Problem description
Print the listing exactly as it stands. Skip every picture.

─── Given data

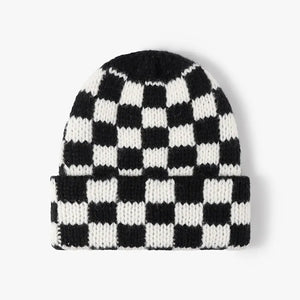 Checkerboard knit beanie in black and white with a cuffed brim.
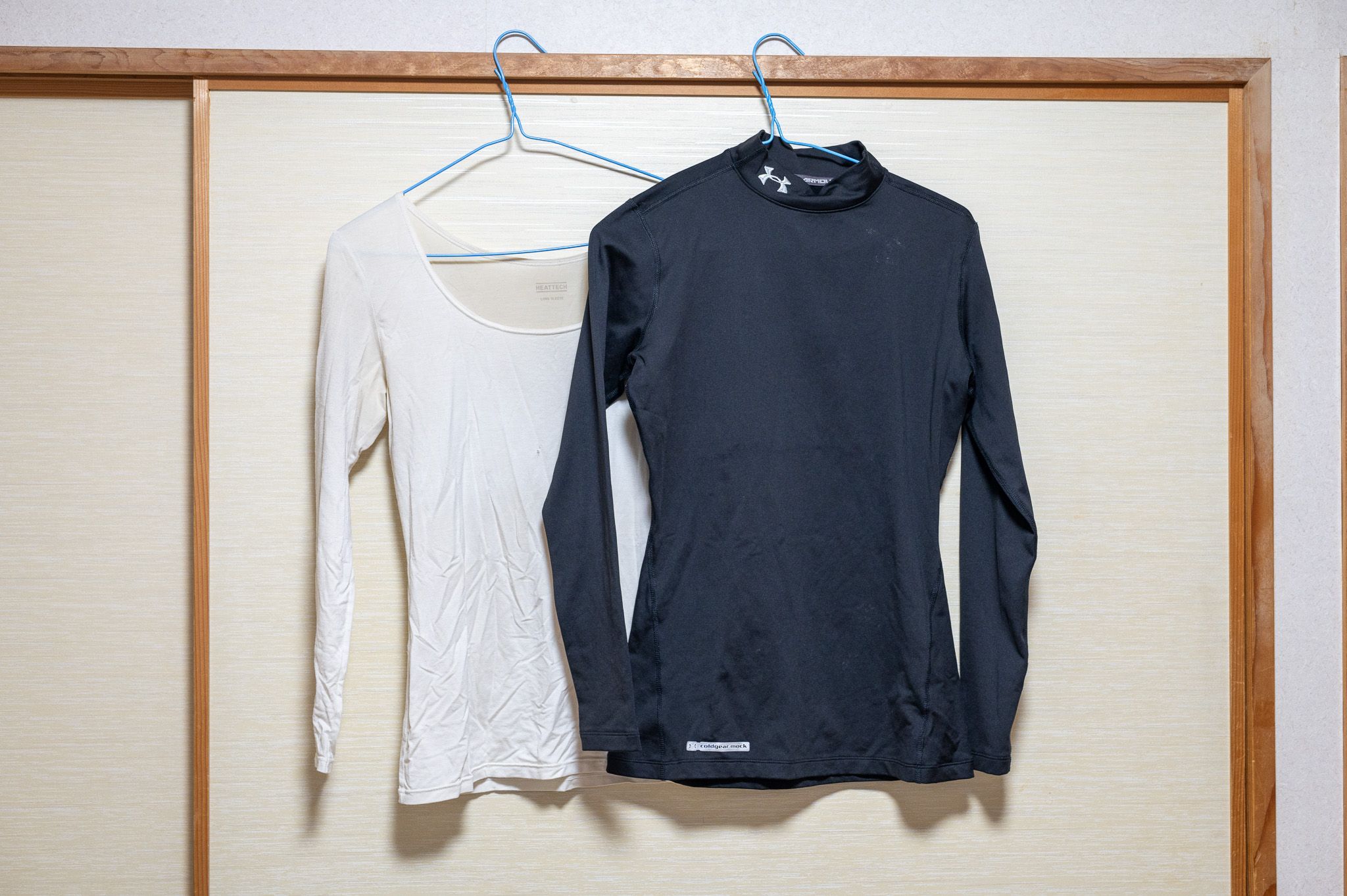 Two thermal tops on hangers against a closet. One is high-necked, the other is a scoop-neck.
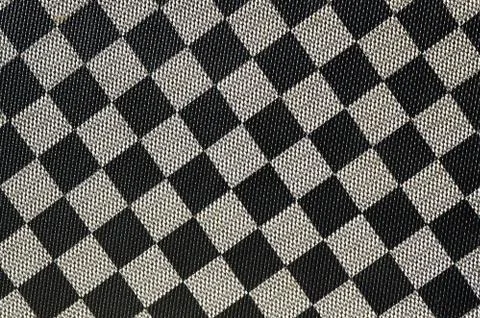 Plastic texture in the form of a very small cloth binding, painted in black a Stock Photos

──────

Reply to the exercise
 Checkerboard knit beanie in black and white with a cuffed brim.
 Two thermal tops on hangers against a closet. One is high-necked, the other is a scoop-neck.
 Plastic texture in the form of a very small cloth binding, painted in black a Stock Photos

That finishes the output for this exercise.